El grupo de Resistencia a Estreses Bióticos y Abióticos trabaja para impulsar la mejora de cereales, principalmente de la avena, un cultivo clave para los sistemas agrícolas mediterráneos y para la alimentación humana y animal.

Oídio y roya

“Nuestro equipo investiga cómo este cereal responde a enfermedades como el oídio y la roya, así como a estreses abióticos característicos del clima mediterráneo, entre ellos la sequía, factores que condicionan su productividad y estabilidad. Además, analizamos la calidad funcional de la avena, estudiando compuestos bioactivos de interés nutricional y su variabilidad entre variedades y ‘landraces’. Para abordar estos retos, integramos tecnologías y aproximaciones que abarcan niveles moleculares, celulares, fisiológicos y agronómicos, combinando experimentación en laboratorio, invernadero y ensayos de campo para avanzar hacia variedades más resilientes, productivas y saludables”, señala Atienza.

La importancia de los cereales hace que desde el IAS se lideren iniciativas como la Conexión Trigo (WheatNet) del CSIC, que trata de aunar esfuerzos de la comunidad científica para promover la investigación en un cultivo estratégico como el trigo, garantizando la producción de alimentos y la seguridad alimentaria.

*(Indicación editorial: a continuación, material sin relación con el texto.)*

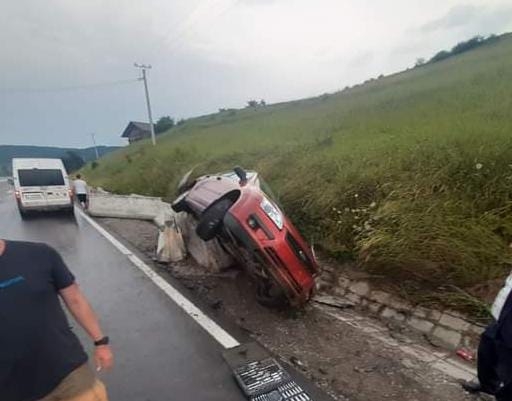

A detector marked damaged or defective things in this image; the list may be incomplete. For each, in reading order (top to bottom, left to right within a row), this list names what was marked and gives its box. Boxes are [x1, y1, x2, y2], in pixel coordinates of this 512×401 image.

overturned red car [172, 167, 318, 304]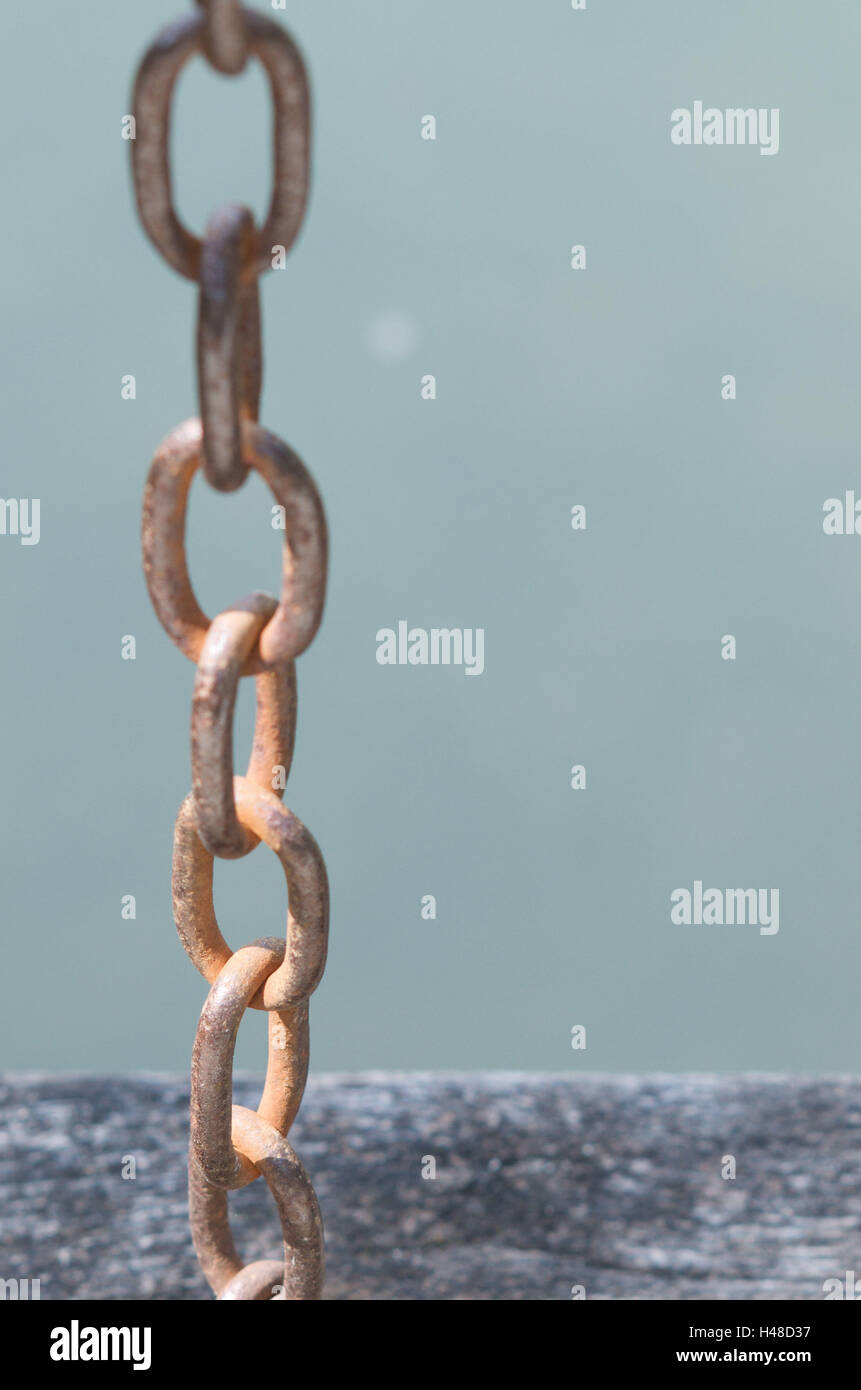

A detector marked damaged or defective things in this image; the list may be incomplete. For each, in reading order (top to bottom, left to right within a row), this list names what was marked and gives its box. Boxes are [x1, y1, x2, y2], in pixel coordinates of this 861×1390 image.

corroded iron [128, 2, 326, 1304]
rusty chain link [129, 2, 328, 1304]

Los investigadores del IAS también participan en redes y consorcios nacionales e internacionales específicos de cereales, como la red CeReS (Cereales Resilientes y de Calidad para la Seguridad Alimentaria), el estudio del pangenoma de la avena a través del Consorcio Internacional PanOat o la participación en los grupos de expertos internacionales en calidad (Quality EWG) y trigo duro (Durum EWG) de la Wheat Innitiative.